Description of the task
With pictures left out, output exactly the lines from the line holding "hornyriyanka live sex cam" through the end of the data, both included.

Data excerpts

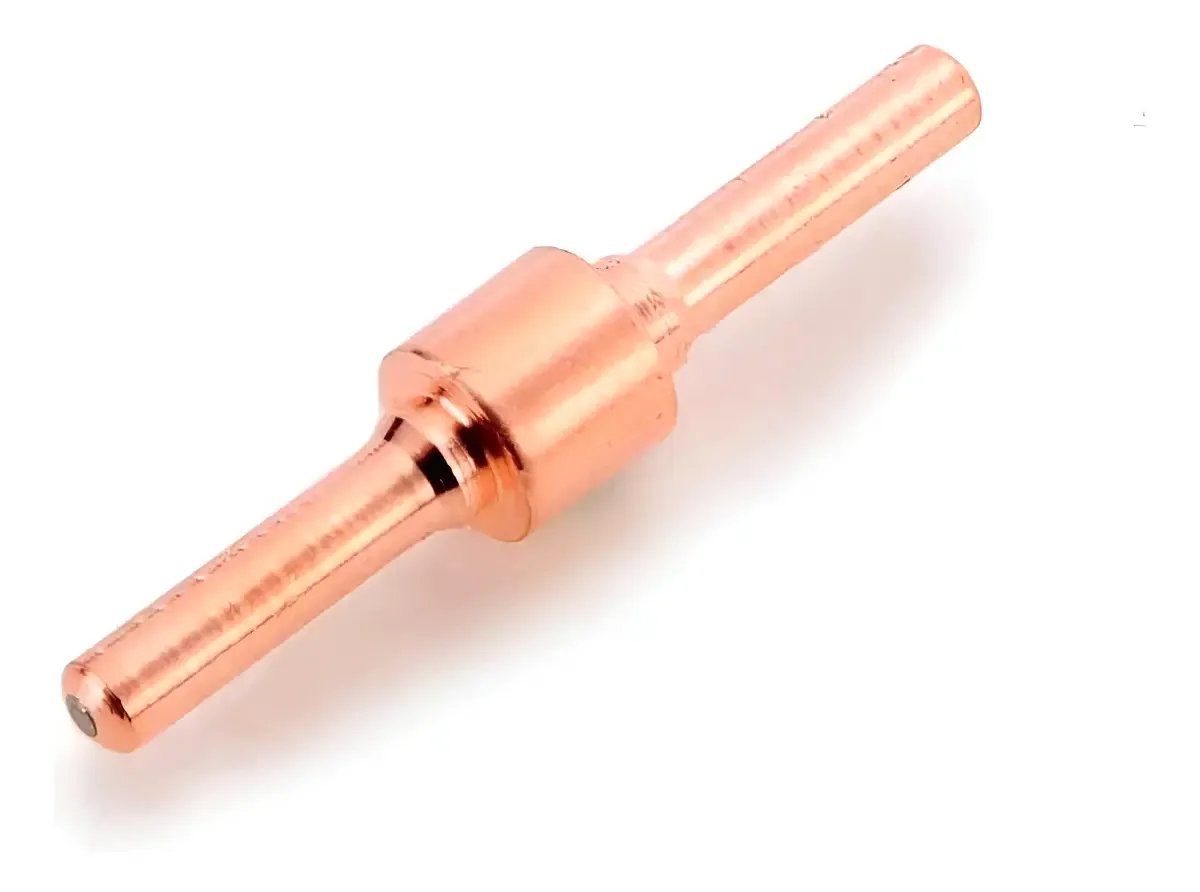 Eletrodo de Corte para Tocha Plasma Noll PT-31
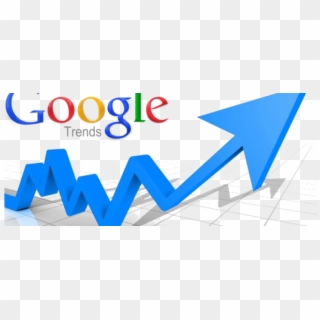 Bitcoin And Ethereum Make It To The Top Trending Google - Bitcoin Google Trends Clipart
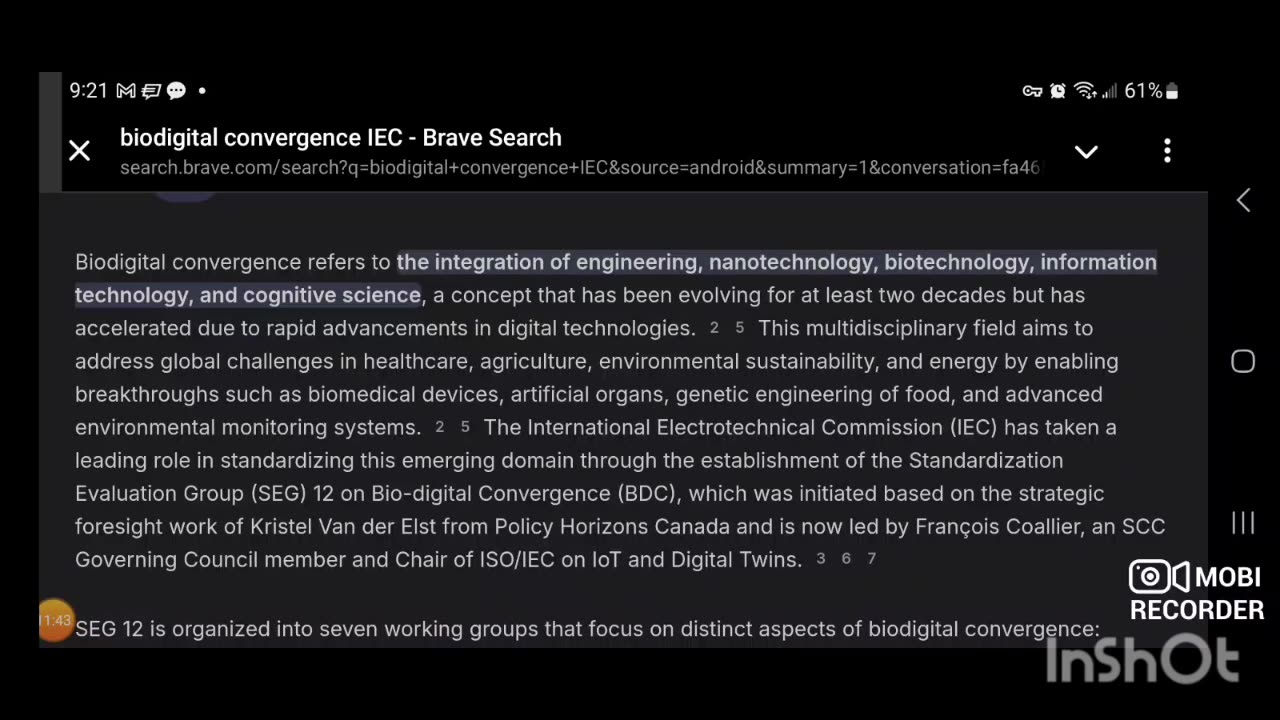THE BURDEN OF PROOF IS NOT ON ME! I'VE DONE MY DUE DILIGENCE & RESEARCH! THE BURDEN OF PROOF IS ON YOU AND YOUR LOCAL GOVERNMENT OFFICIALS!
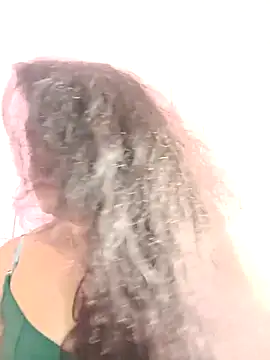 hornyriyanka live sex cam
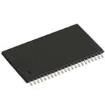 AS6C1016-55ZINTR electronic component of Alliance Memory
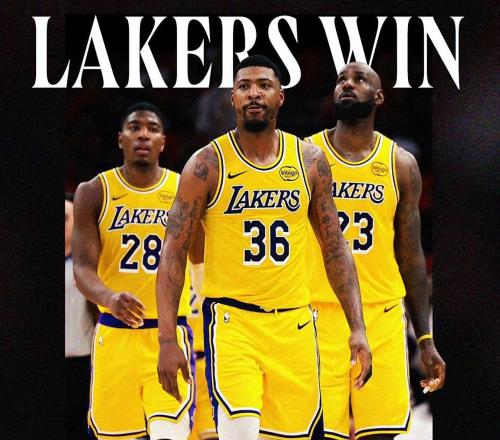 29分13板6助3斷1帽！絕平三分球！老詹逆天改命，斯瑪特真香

Solution below
 hornyriyanka live sex cam
 AS6C1016-55ZINTR electronic component of Alliance Memory
 29分13板6助3斷1帽！絕平三分球！老詹逆天改命，斯瑪特真香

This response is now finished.